Short descriptive text snippets
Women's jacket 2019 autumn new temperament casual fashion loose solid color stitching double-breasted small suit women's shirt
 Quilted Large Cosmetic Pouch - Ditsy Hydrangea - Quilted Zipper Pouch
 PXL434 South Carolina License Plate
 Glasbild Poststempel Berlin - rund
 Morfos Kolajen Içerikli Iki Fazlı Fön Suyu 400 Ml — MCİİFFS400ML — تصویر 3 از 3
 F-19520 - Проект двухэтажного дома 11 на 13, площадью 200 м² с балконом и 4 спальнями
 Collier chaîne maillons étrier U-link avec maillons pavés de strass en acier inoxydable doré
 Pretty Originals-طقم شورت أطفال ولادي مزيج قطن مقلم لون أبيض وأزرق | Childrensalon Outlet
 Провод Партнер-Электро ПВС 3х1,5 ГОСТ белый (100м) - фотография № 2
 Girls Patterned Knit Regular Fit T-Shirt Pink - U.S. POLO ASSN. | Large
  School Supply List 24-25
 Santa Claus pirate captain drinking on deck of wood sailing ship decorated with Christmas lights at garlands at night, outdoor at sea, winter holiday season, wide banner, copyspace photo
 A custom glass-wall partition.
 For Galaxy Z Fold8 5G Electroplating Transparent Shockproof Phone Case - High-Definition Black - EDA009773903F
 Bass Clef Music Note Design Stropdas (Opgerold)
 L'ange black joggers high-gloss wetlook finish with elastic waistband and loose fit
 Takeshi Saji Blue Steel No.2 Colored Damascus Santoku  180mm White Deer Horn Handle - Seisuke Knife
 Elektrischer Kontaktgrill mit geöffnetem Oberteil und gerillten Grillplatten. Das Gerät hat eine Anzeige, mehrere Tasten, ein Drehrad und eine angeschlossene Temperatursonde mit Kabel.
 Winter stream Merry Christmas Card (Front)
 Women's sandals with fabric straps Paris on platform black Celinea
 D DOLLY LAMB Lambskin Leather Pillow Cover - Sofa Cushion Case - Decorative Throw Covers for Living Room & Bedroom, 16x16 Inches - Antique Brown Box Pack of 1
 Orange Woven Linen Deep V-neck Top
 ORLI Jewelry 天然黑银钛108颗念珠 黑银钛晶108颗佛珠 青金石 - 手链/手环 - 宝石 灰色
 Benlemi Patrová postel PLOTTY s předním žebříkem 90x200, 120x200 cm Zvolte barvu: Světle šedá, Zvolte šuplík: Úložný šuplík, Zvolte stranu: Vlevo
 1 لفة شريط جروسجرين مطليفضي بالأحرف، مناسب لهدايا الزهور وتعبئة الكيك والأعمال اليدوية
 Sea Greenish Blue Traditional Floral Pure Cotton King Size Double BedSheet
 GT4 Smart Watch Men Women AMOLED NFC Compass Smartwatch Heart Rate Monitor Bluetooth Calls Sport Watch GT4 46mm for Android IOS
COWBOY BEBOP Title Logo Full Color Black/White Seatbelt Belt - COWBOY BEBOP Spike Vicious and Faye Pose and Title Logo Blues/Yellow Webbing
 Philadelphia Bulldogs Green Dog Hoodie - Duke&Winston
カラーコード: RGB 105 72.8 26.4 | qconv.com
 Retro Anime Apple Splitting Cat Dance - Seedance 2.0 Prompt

▶ _WHAT NEEDS TO BE DONE_
Given the data above, transcribe exactly the lines from the one containing "PXL434 South Carolina License Plate" down to the one containing "A custom glass-wall partition.", and no others.

▶ _FINISHED TASK_
 PXL434 South Carolina License Plate
 Glasbild Poststempel Berlin - rund
 Morfos Kolajen Içerikli Iki Fazlı Fön Suyu 400 Ml — MCİİFFS400ML — تصویر 3 از 3
 F-19520 - Проект двухэтажного дома 11 на 13, площадью 200 м² с балконом и 4 спальнями
 Collier chaîne maillons étrier U-link avec maillons pavés de strass en acier inoxydable doré
 Pretty Originals-طقم شورت أطفال ولادي مزيج قطن مقلم لون أبيض وأزرق | Childrensalon Outlet
 Провод Партнер-Электро ПВС 3х1,5 ГОСТ белый (100м) - фотография № 2
 Girls Patterned Knit Regular Fit T-Shirt Pink - U.S. POLO ASSN. | Large
  School Supply List 24-25
 Santa Claus pirate captain drinking on deck of wood sailing ship decorated with Christmas lights at garlands at night, outdoor at sea, winter holiday season, wide banner, copyspace photo
 A custom glass-wall partition.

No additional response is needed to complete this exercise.